As a theatre director working with young artists, Jim says “Adults must learn when to stand back and know when to lend a hand, to know when to jump in with aid and to know when to let failure be the teacher, to be there when a question is asked and when it isn’t, to guide to a standard of quality and demand it in the work of the untrained, to make sure you show them the correct way to produce quality and make sure they follow your direction even if it means redoing, redoing, redoing. Be willing to let them run with a wild idea and follow behind. Have the courage to listen to their wisdom and guide their journey with understanding and love.”

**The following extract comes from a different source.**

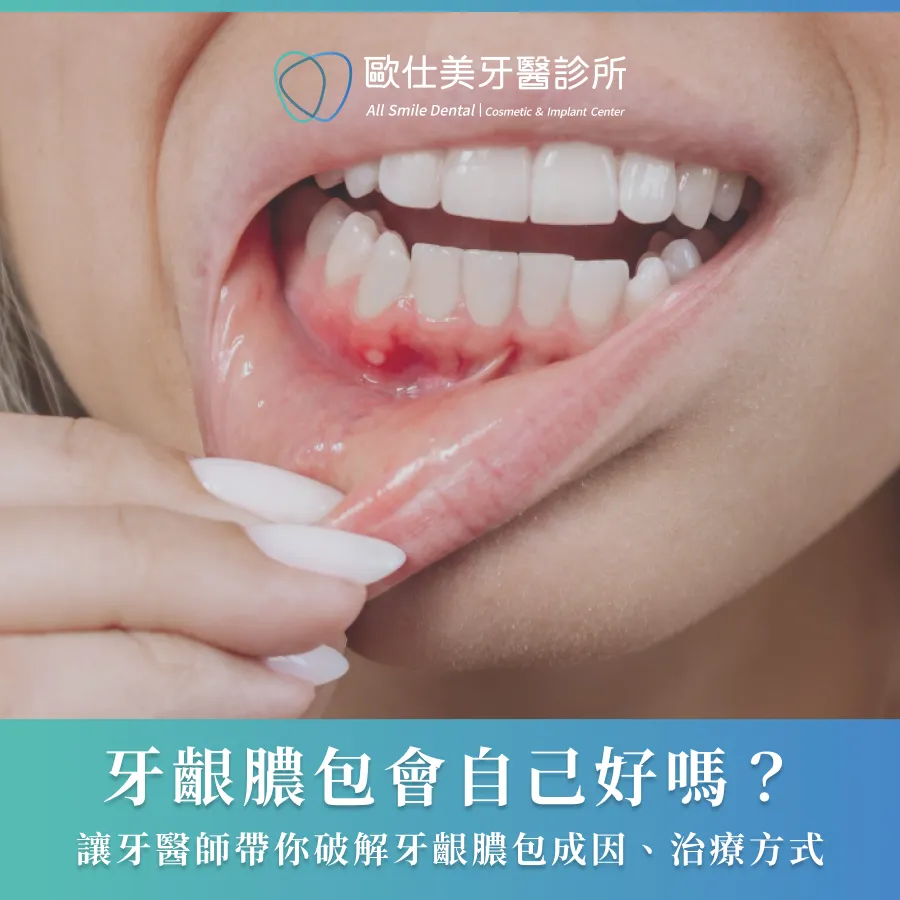 牙齦膿包會自己好嗎？讓牙醫師帶你破解牙齦膿包成因、治療方式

Jim’s next quest began in 1979 when he was working with the City of Waukegan for a year as the Supervisor of Code Enforcement. The mayor, Bill Morris, was convinced that shows at the Genesee Theatre would serve as an economic engine to drive the revitalization of downtown Waukegan. Knowing that Jim had a background in theatre, the mayor tasked Jim with the mission to bring shows to the theatre. The theatre at the time was still a movie venue run by Plitt Theatres but still owned by the original owners family Buster Brummond.
Through numerous negotiations with the Plitt organization and an enthusiastic Mr. Brummond, the door was opened to clean up the dressing rooms, replace plumbing, install showers, repair needed stage equipment and generally make the theatre ready to receive a production. As this place was set to spinning, another had to be started. Locating an appropriate national touring show to bring in to re-open the Genesee.

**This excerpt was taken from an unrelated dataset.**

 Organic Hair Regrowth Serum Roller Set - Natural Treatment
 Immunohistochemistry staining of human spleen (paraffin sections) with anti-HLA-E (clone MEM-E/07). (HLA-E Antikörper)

After a lengthy national search, it was decided that Show Boat with Forrest Tucker would be the first production. The show was standing room only at the then 1800-seat venue. The journey was exciting but after about ten years, in 1990, the theatre closed.
Several years later, the efforts continued when Steve Kolber, Ray Shepardson, Jim Neal and a host of others joined forces to renovate the historic Genesee into the Waukegan showplace that it is today.
Set Design, Lighting Design, Theatre Design
Bowen Park Theatre
Scenic design, construction and lighting design for Royal Family.
Scenic design, lighting, sound and construction supervision of 14-18 year-old crew for Hairspray 2013.
Scenic design, lighting, sound, and construction supervision of 14-18 year-old crew for Aida.
Scenic design, lighting, sound and construction supervision of 12-14 year-old crew for Peter Pan.
Scenic design, lighting, sound and construction supervision of 12-14 year-old crew for Joseph and the Amazing Technicolor Dreamcoat.
Scenic design, lighting, sound and construction supervision of 12-14 year-old crew for Honk!.
“In theatre, art is measured in the work. After 48 years of actively serving my muse of theatre, savoring the memories of past work and wonderful relationships formed enriches quiet moments in my life,” says Jim.”But theatre is an art of the now. Not ‘What did you do?, but ‘What will you do next?’.”